The fact is as interest rates increases, the currency value also increases and vice versa. However I want to understand the reason.

At first, I thought following: As interest rate increase, people borrow less, spend less, so cost of goods decreases, value of currency increases.

However when I read in investopedia, it says following:

Generally, higher interest rates increase the value of a given country's currency. The higher interest rates that can be earned tend to attract foreign investment, increasing the demand for and value of the home country's currency. Conversely, lower interest rates tend to be unattractive for foreign investment and decrease the currency's relative value.

Q1. Now I dont understand what does it mean by increasing the demand for and value of the home country's currency. What is it meant by demand for currency by foreign investors?

In another article it says:

The rise of interest rates in a country often spurs inflation, and higher inflation tends to decrease the value of a currency.

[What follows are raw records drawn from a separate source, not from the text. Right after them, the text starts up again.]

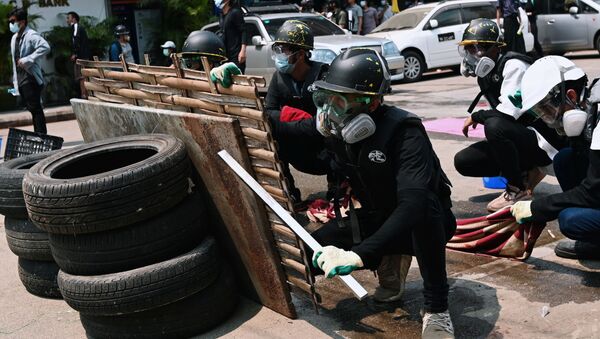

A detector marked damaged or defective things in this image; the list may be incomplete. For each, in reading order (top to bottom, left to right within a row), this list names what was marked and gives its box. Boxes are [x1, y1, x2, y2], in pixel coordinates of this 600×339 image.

rusty metal sheet [71, 98, 296, 318] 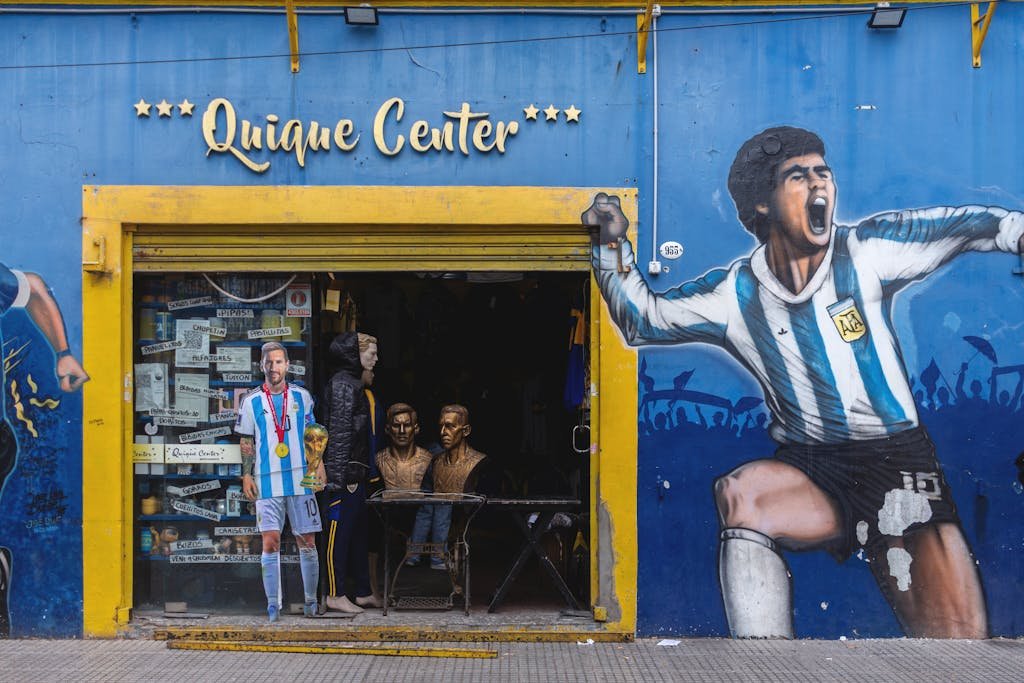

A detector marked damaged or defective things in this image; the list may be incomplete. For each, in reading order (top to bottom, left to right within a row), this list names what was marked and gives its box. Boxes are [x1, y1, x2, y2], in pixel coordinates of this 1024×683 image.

peeling paint patch [851, 520, 868, 548]
peeling paint patch [876, 489, 933, 536]
peeling paint patch [888, 544, 913, 593]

But on the same page, it says:

Generally, higher interest rates increase the value of a given country's currency.

Q2. Why these two different statements are there?

If I understand it correct, the word "spurs" here means increases inflation. But this confuses me.

My understanding is:

  • interest rate increases, people can borrow less, spend less, economy slows, inflation decreases, currency value increases
  • interest rate decreases, people borrow more, spend more, economy grow, inflation increases, currency value decreases

Q3. Are these understanding correct in general (though I understand the relation is not that straight forward and there are other factors too that affects currency value / inflation)?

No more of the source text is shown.